Start of Dataset entries

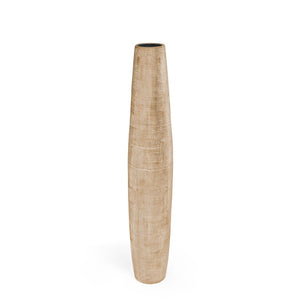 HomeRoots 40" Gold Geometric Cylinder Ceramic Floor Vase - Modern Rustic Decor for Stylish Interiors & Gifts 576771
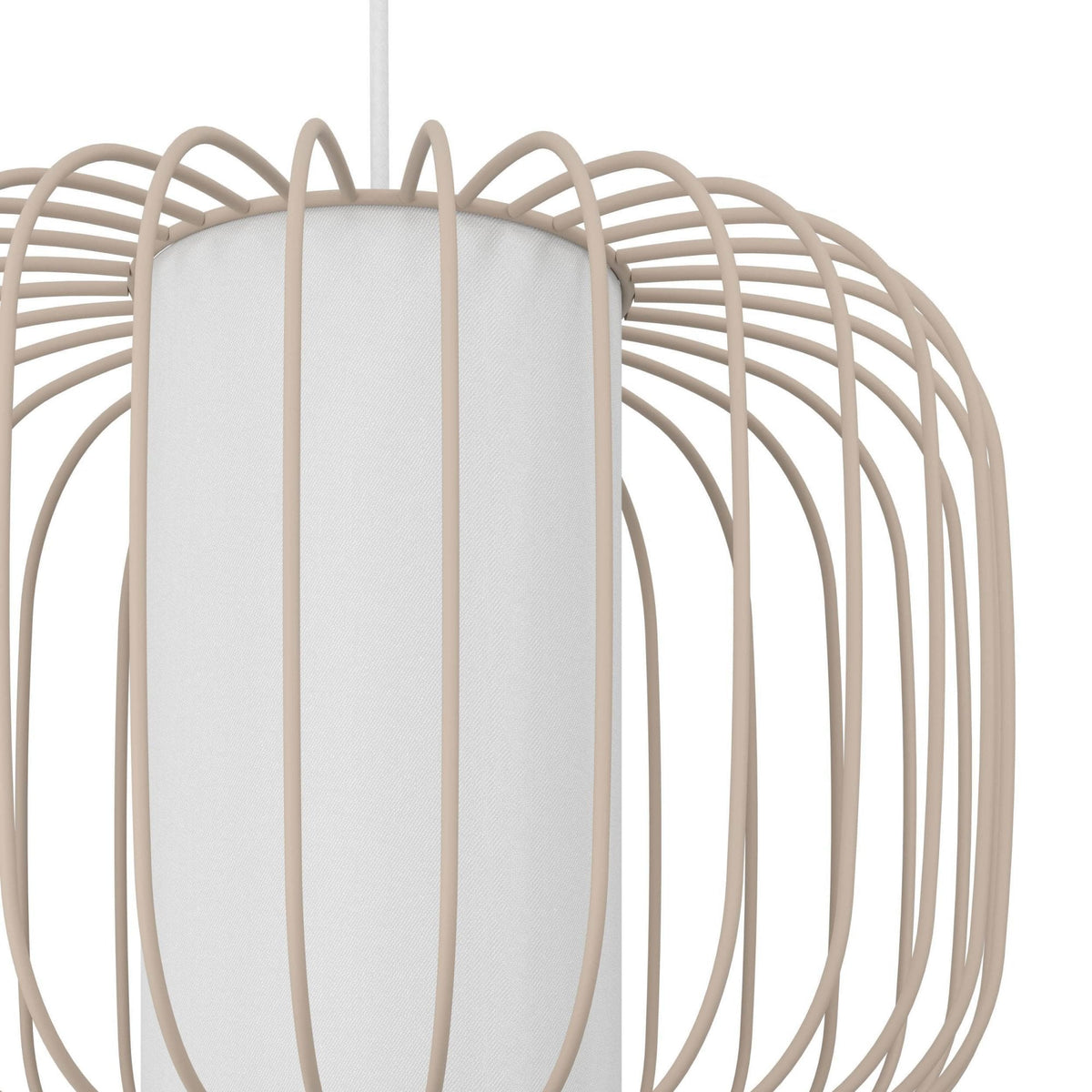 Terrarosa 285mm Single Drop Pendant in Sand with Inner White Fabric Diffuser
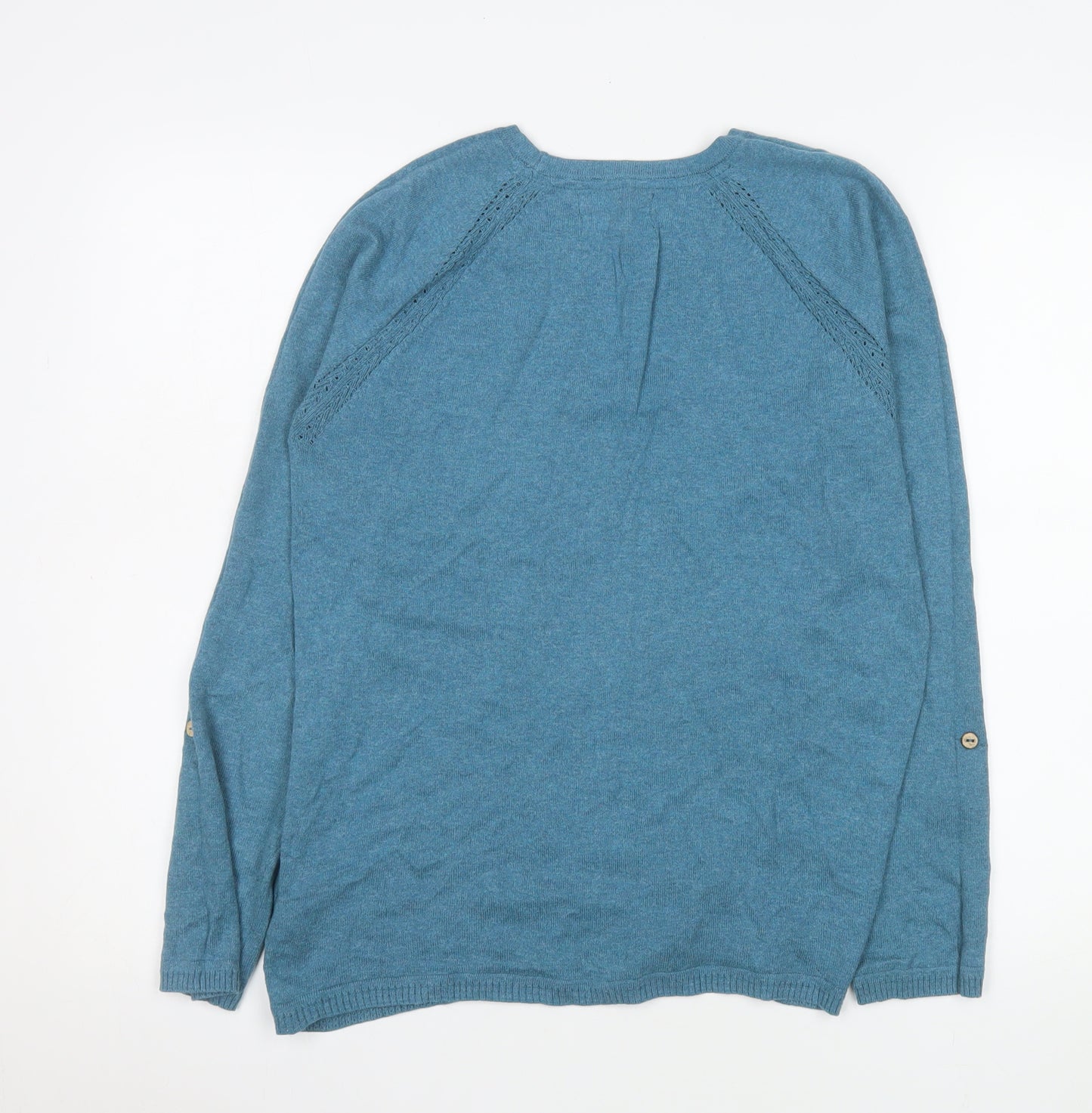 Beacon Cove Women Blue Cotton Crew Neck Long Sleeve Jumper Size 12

End of Dataset entries
Start of Dataset entries

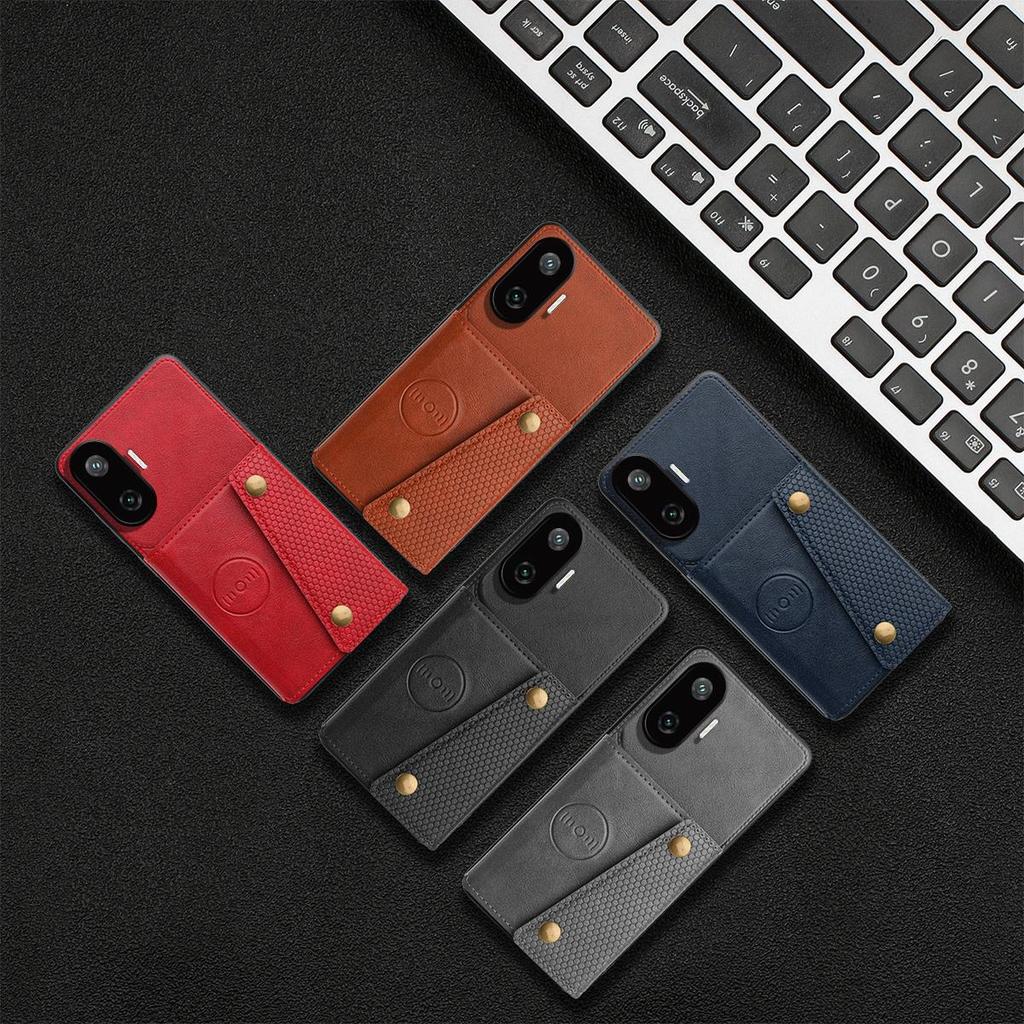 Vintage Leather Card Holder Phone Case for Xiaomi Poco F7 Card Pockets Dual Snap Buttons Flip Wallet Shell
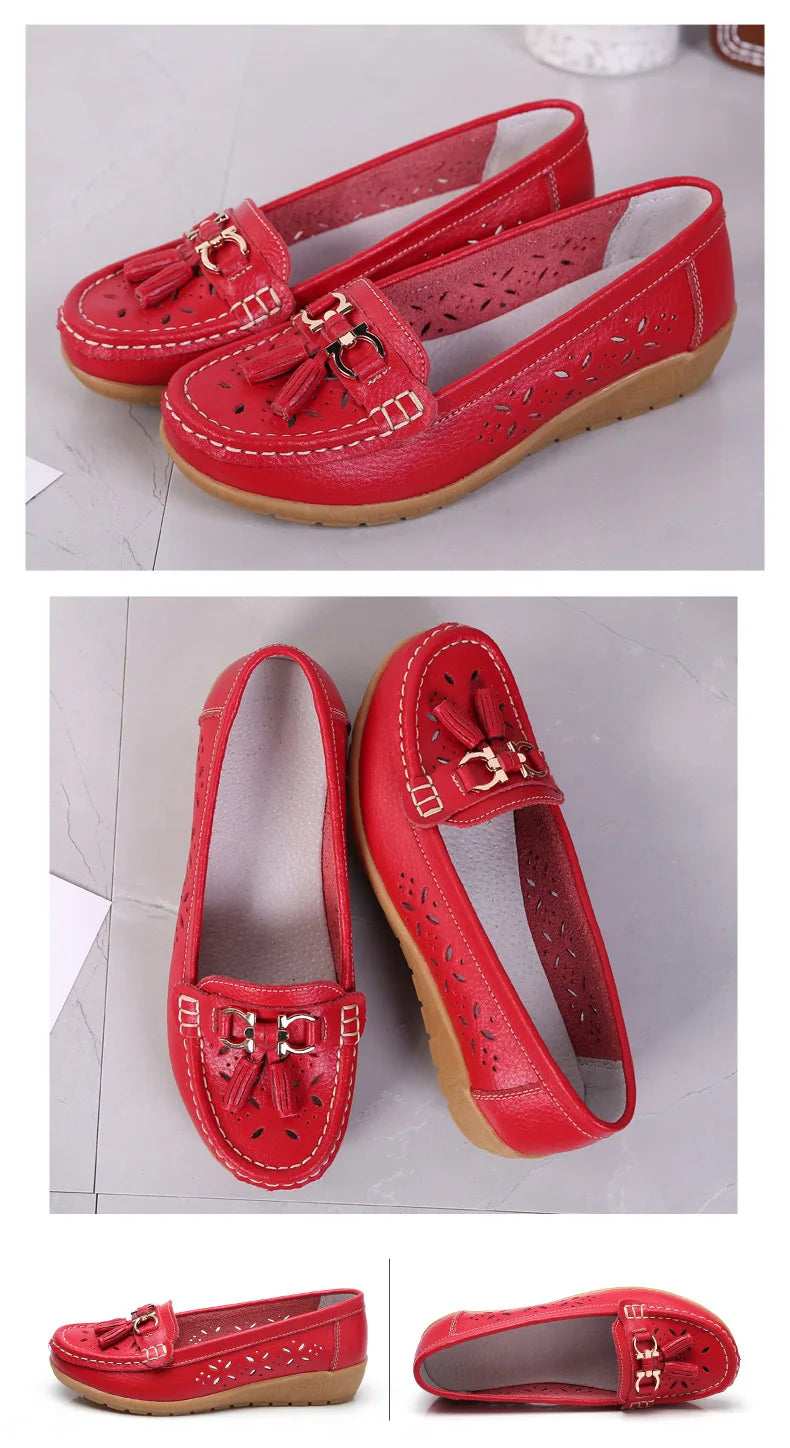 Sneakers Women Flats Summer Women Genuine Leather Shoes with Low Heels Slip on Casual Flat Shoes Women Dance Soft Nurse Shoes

End of Dataset entries

● **Task item**
In the records above, everything from the line with "Terrarosa 285mm Single" down to the line with "Beacon Cove Women" must be duplicated exactly, both lines kept. Leave no pictures in.

● **Task solution**
 Terrarosa 285mm Single Drop Pendant in Sand with Inner White Fabric Diffuser
 Beacon Cove Women Blue Cotton Crew Neck Long Sleeve Jumper Size 12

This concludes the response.